The only things left to see (not really, you could spend a lot longer in Rome) were the colosseum and the Roman forum, but it was raining, so I went back to the hostel and spent the afternoon doing failed internet research on trains and buses out of Rome. Eventually gave up and walked to the train station, 5 mins away and booked a ticket to Nice for the next afternoon at 4pm, praying I would have a fine morning to see the colosseum. The woman who sold me the ticket said I would arrive at 7am the next morning. I thought that was rather a long train trip for Europe and asked her how long it took, 12 hrs she said, maybe it is a very slow train, I thought, wrong! Packed and booked a hostel in Nice, but didn't write down the address, because I could get it from the email they sent with the confirmation and directions to the hostel. WRONG!!

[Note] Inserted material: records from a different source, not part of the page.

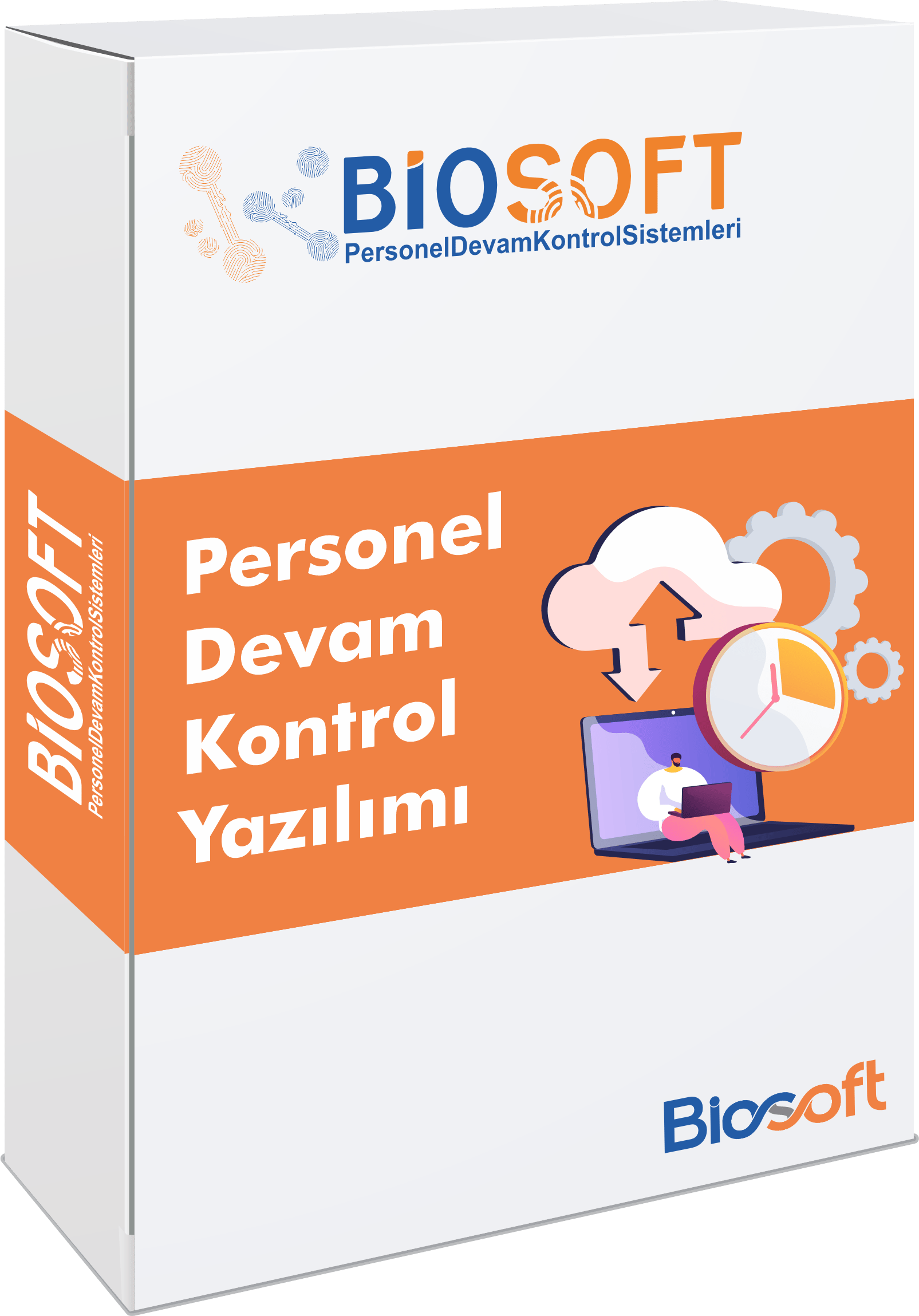 BIOSOFT Maaş-Bordro Yazılımı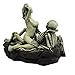TBW Love Never Dies Wedding Statue Figurine Sexy Woman Cigar Ashtray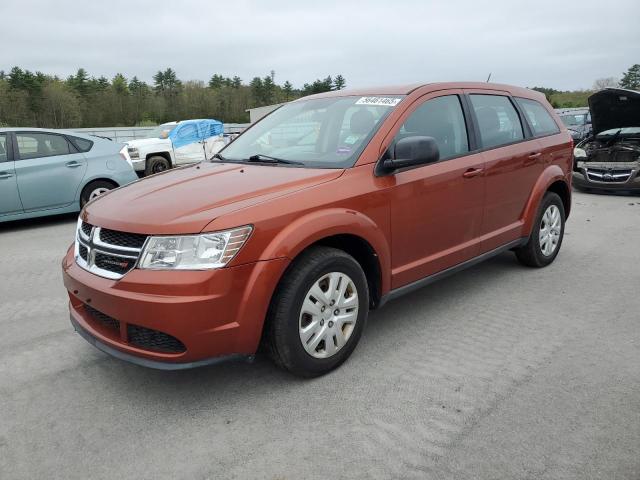  Salvage Dodge Journey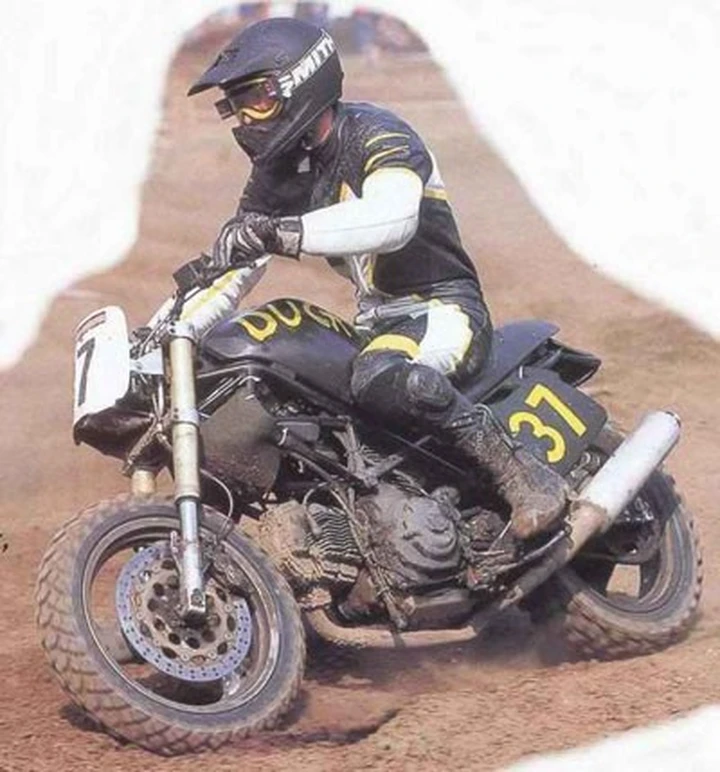 Una Monster da Cross?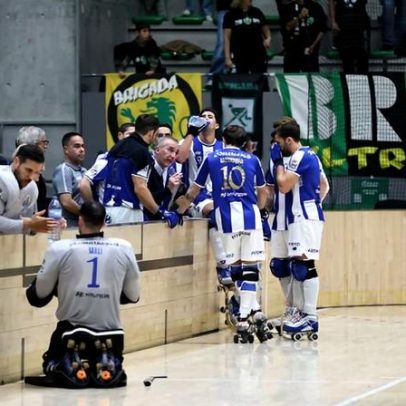 FC Porto cede jogador ao HC Braga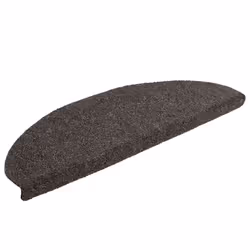 Tappetini per Scale 15 pz Antracite 65x21x4 cm Agugliaticod mxl 134726 - Vista aggiuntiva 3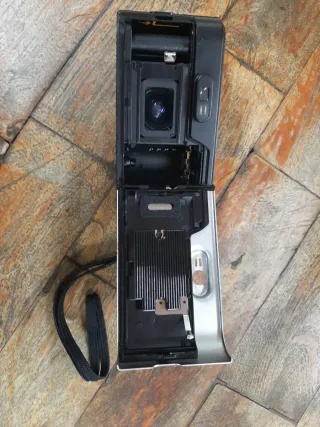 Cámara Leica C1 Plata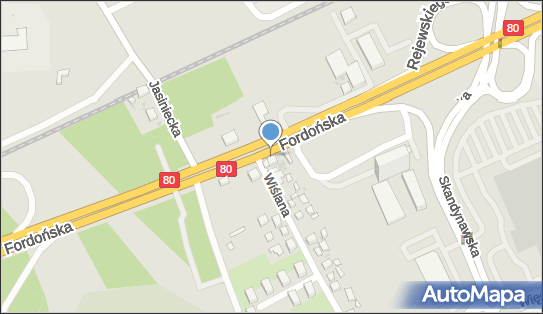 GLS - Punkt odbioru, Fordonska 226, Bydgoszcz 85-766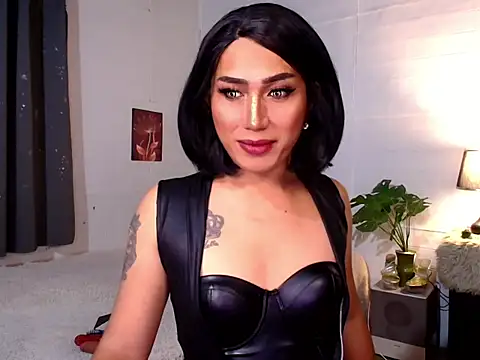 MissMagdalena online show from 19, 12, 2025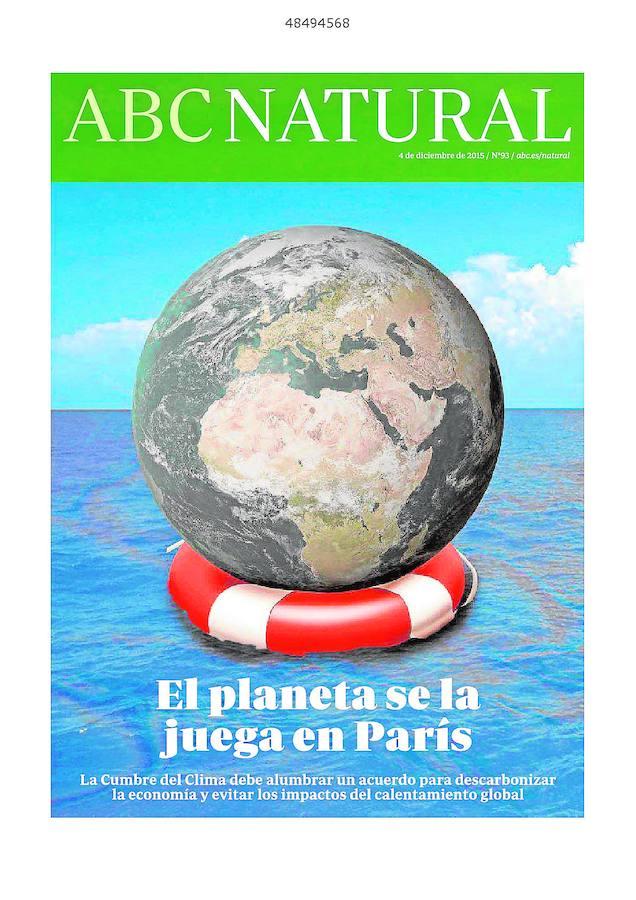 El anhelado Acuerdo de París. Hicieron falta 20 años pero París consiguió lo que no logró ninguna reunión anterior. El mundo alcanzó el primer acuerdo climático universal de la historia. El protocolo de Kioto de 1997 no lo era, pues solo obligaba a 35 países que representaban el 11% de las emisiones globales, y Copenhague en 2009 quedó en un ensayo general con final desastroso. El objetivo del texto aprobado en París en diciembre de 2015 por las 196 Partes de la Convención de la ONU sobre el Cambio Climático es contener el incremento de la temperatura media global del planeta «muy por debajo» de los 2ºC con respecto al nivel preindustrial, y continuar los esfuerzos para limitar ese aumento en 1,5ºC. Para lograr este objetivo a largo plazo los países tendrán que alcanzar su pico de emisiones «lo antes posible». Este acuerdo marca una senda para transformar la economía y reorientar las inversiones financieras de las energías fósiles hacia las energías limpias, como se recoge en el acuerdo. Por tanto, el pacto tiene muchas implicaciones más allá del medio ambiente.El mundo llevaba 20 años intentando dotarse de un acuerdo global para luchar contra el cambio climático. Desde que en 1995 la comunidad internacional se reunió en Berlín para intentar sentar las bases de un protocolo, ha llovido mucho, pero sobre todo ha aumentado la temperatura global del planeta. El Panel de Expertos en Cambio Climático (IPCC) ha concluido que las últimas tres décadas han sido más calurosas que cualquier otra anterior desde 1850. 2015 y 2016 se cerraron con una temperatura media global más de 1ºC por encima del nivel preindustrial. Por tanto, queda menos tiempo para contener el aumento de los termómetros en esos 2ºC que los científicos consideran «seguros». Al ritmo actual de emisiones ese aumento se produciría en menos de 30 años.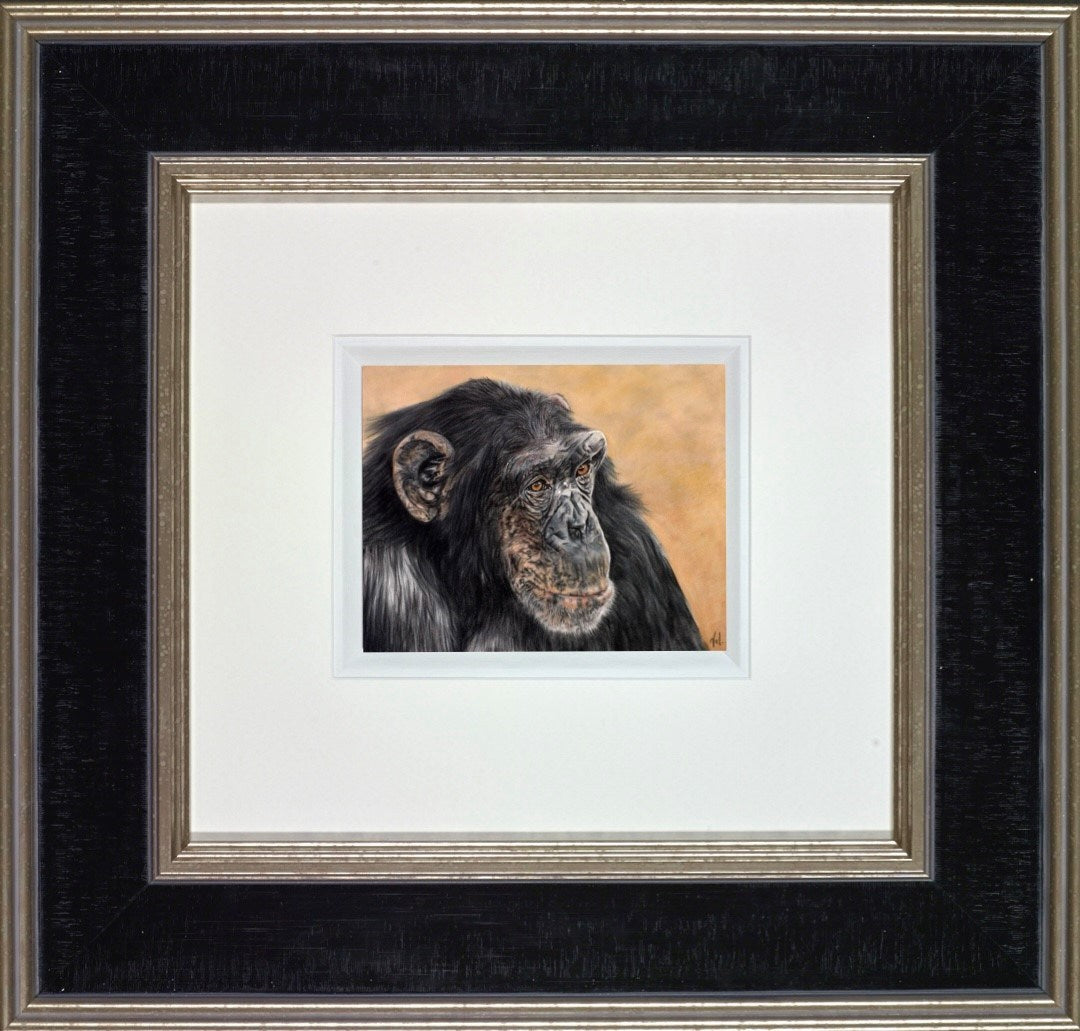 Cerebration (Framed)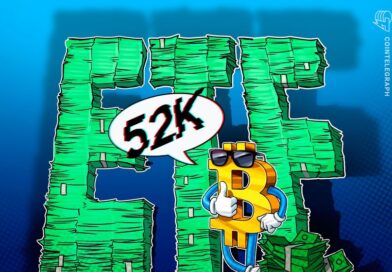 Professional investors dumped 52K BTC worth of ETFs in Q1, filings show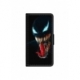 Husa personalizata tip carte HQPrint pentru Samsung Galaxy A52s 5G, model Venom 1, multicolor, S1D1M0211
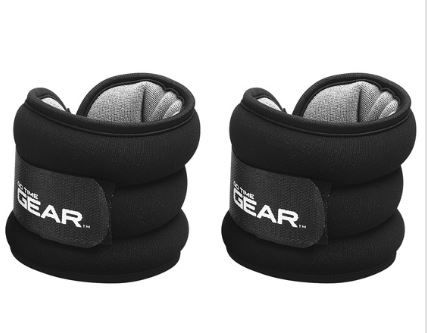 Photo 1 of Go Time Gear 5 lb. Comfort Ankle Weights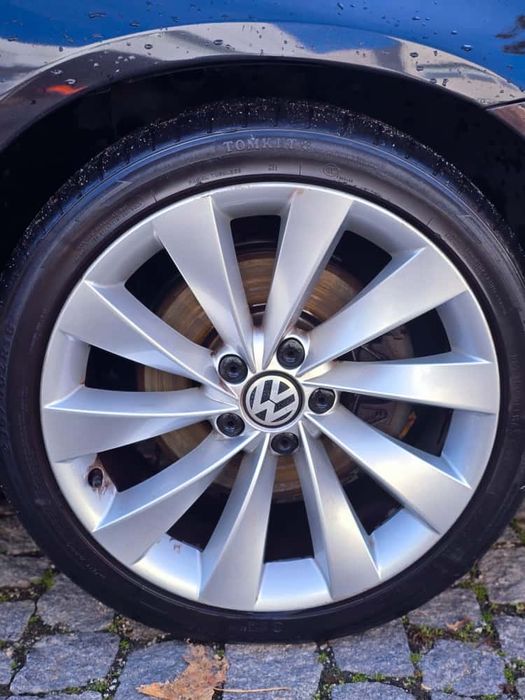 Volkswagen scirocco 1.4 Tsi. 160cv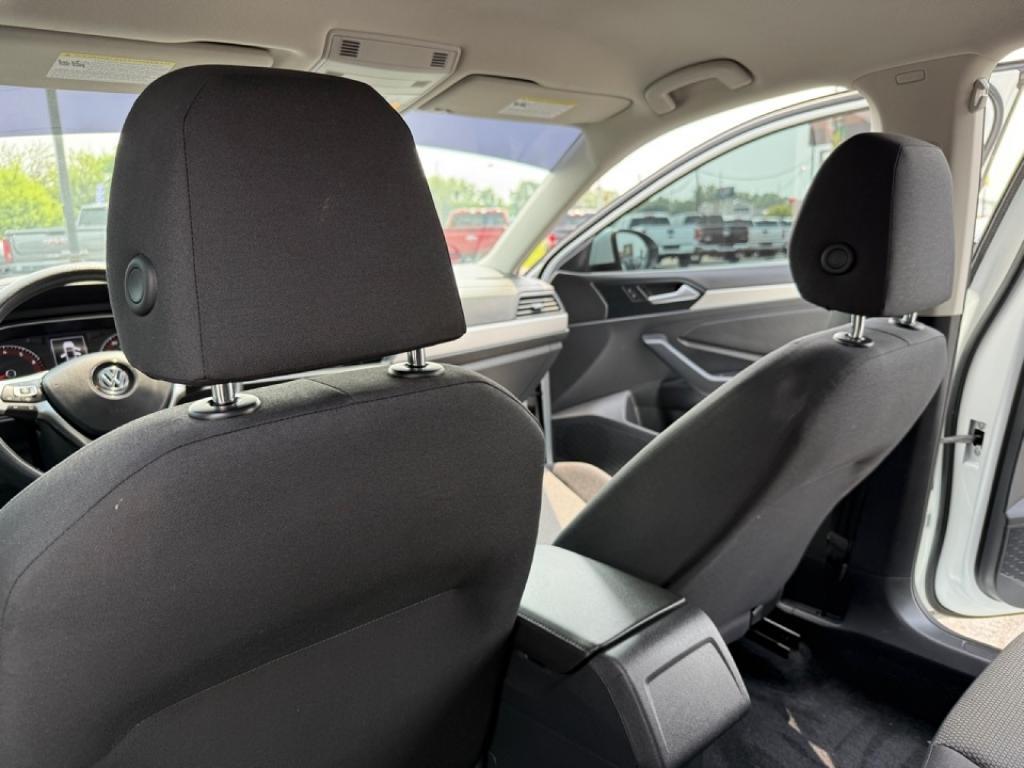 used 2019 Volkswagen Jetta car, priced at $15,355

I got lucky, with the weather, not only did it not rain, it was a bright, blue, sunny day and when you walk out of the metro, not called Colosseum for nothing, it is right there, larger than life and yes it is impressive, very large, very old and very ruined, and packed with tourists, everything you would expect....next! Off to the forum, which I found much more interesting. It adjoined the Palatine gardens above, which led to the pile of square stones that were the houses of Livia and Augustus and boasted a very long queue. Lots of 'graves' of dead emporers scattered among the trees and some great views over the city and the forum below. A really nice day, back to the hostel to pick up the bags, check the internet for the hostel address and off to France. The internet servers were down in the hostel, oh me, oh my, no address or directions for the hostel in Nice, had to catch the train anyway!